Basically, I have a training data issue. There are scRNAseq datasets available with tens of samples per condition. If I were to generate my tabular pathway data for a scRNAseq that is publicly available with this high sample number, then used this as my training and test data, would this work? Would this be sufficient to generate the necessary hypeparameters and prevent overfitting?

Then, I would like to be able to give the algorithm any new dataset, with any number of conditions, and ask it to do feature selection on the given dataset. Ideally after training it with the publicly available data. Would a set up like this be possible to achieve?

In other words, I would like DeepFeature to be able to identify unique features from the tabular input data. However, the dataset that I would like to analyze only has one sample per condition. However, I can get tabular data from scRNAseq studies online that have many samples per condition available. Can I train the CNN on this data with many samples, then apply the CNN to my data with only one sample and have it select features and identify patterns in the samples of N=1?

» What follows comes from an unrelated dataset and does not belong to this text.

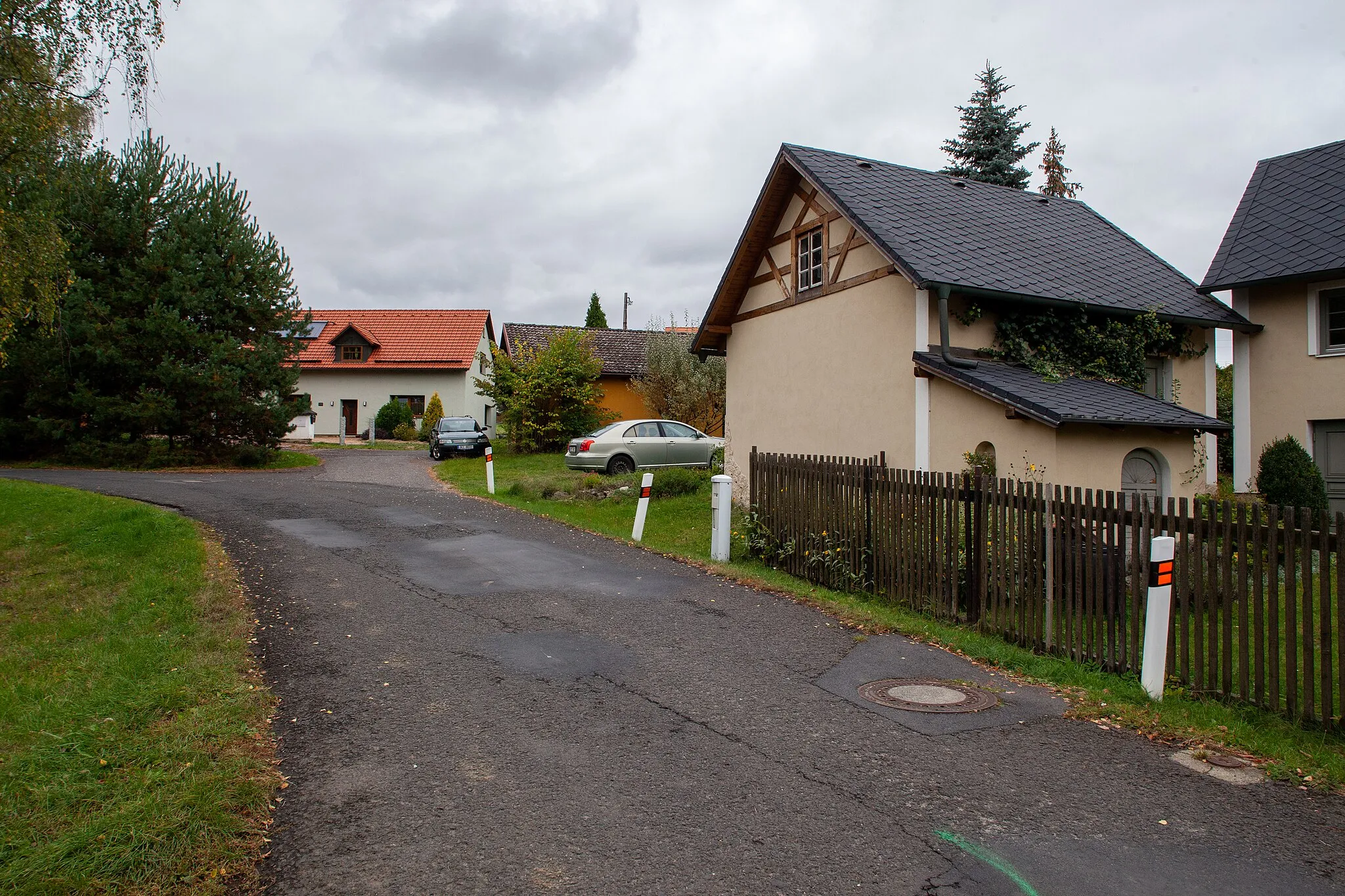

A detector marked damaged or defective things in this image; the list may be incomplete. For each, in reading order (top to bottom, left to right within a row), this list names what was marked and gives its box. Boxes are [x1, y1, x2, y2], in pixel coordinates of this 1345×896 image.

alok-ai-lab commented 1 year ago

Hi

Thanks for your interest. Perhaps your question is more related to the general usage of CNN nets. However, let me provide some thoughts hereunder:

1) I believe ten samples per class is not so sufficient to train CNNs properly. More samples would help to achieve a better estimate of the model. However, you may try augmenting samples artificially (if can't be found otherwise), such as via using SMOTE or averaging samples belonging to the same class/category.

2) It is possible to train DeepFeature from an external source of data (where a sufficiently large number of samples exist). Once you train the model using this external data, then it is possible to use your data (as a test set) to find class-labels and also to find activations which would eventually lead to finding pathways. It is also possible to find class activation for each sample which would give some ideas of pathways for individual samples.